* What is required
Your copy must hold all of the data below, unchanged and without images.

* Input data
* * * *
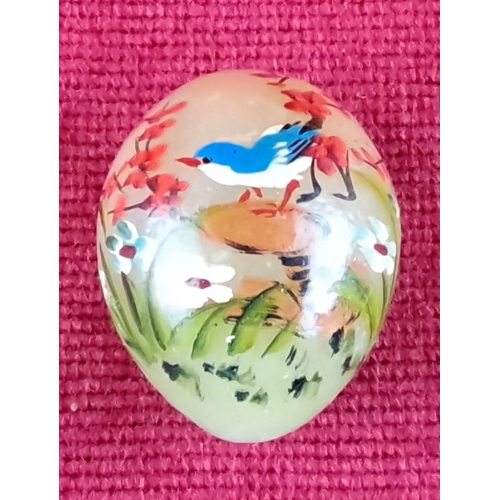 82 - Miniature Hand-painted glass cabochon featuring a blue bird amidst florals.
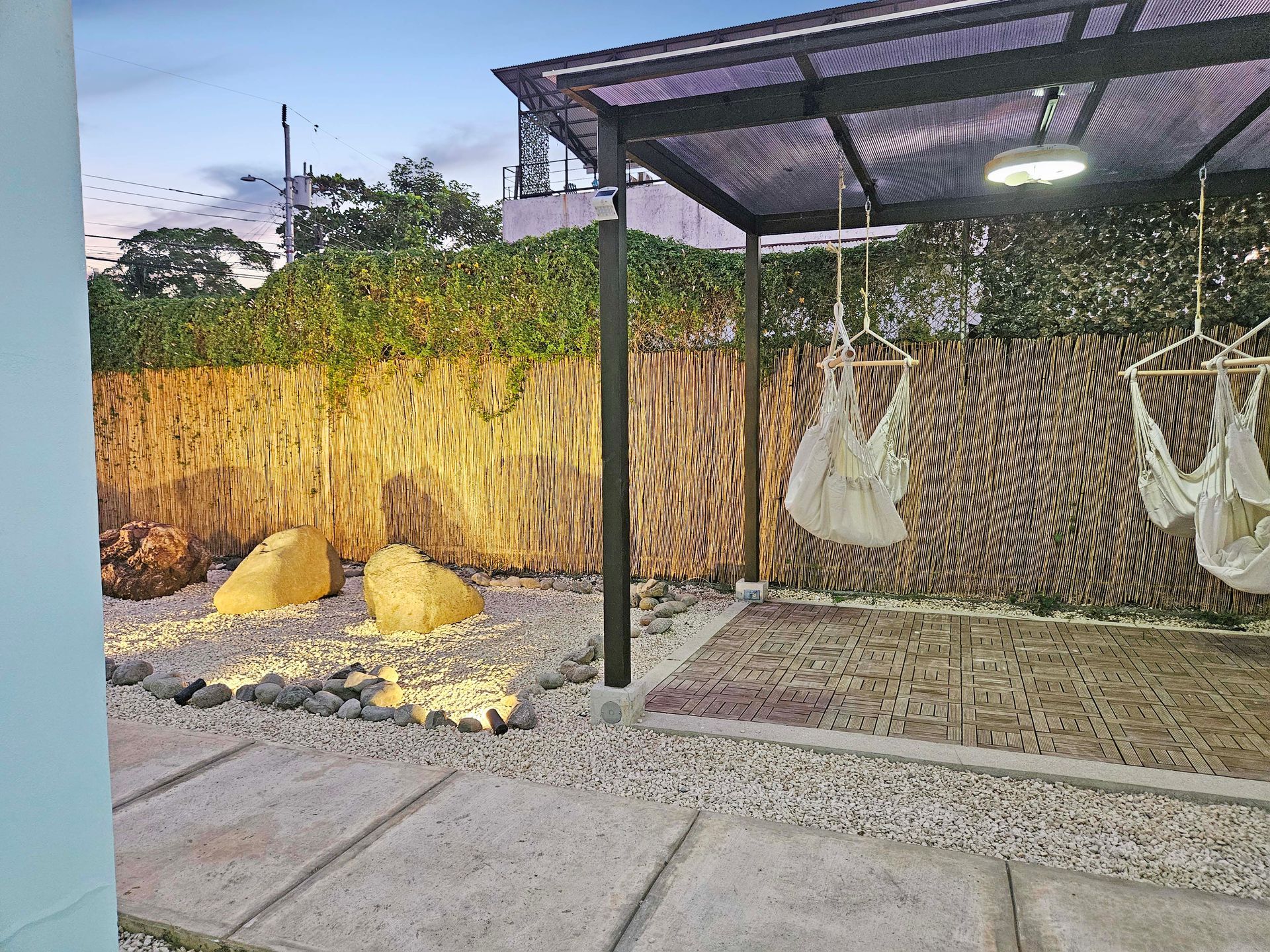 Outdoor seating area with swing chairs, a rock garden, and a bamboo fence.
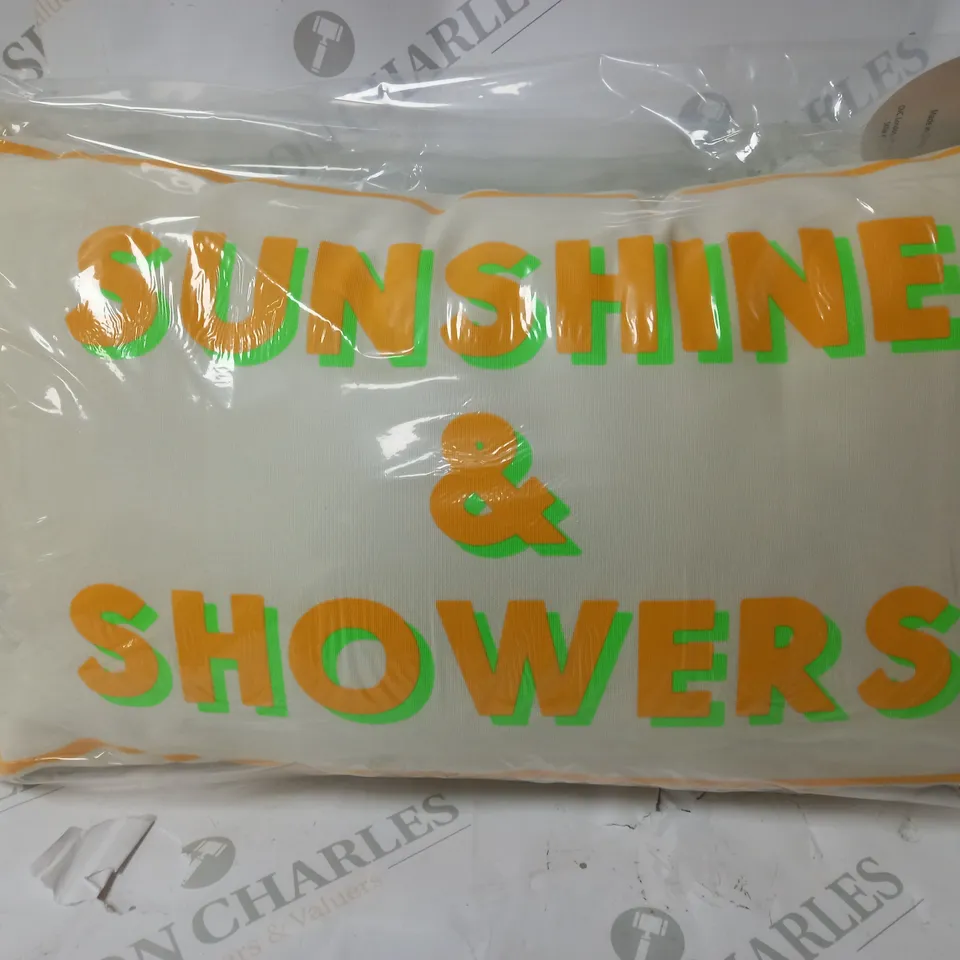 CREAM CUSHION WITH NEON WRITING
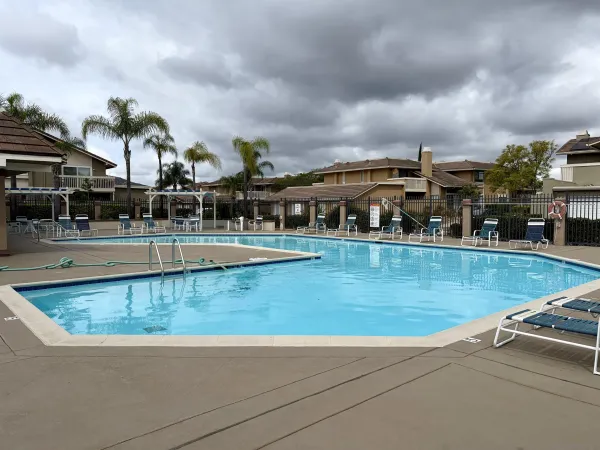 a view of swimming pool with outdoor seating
* * * *
* Answer to this exercise
 82 - Miniature Hand-painted glass cabochon featuring a blue bird amidst florals.
 Outdoor seating area with swing chairs, a rock garden, and a bamboo fence.
 CREAM CUSHION WITH NEON WRITING
 a view of swimming pool with outdoor seating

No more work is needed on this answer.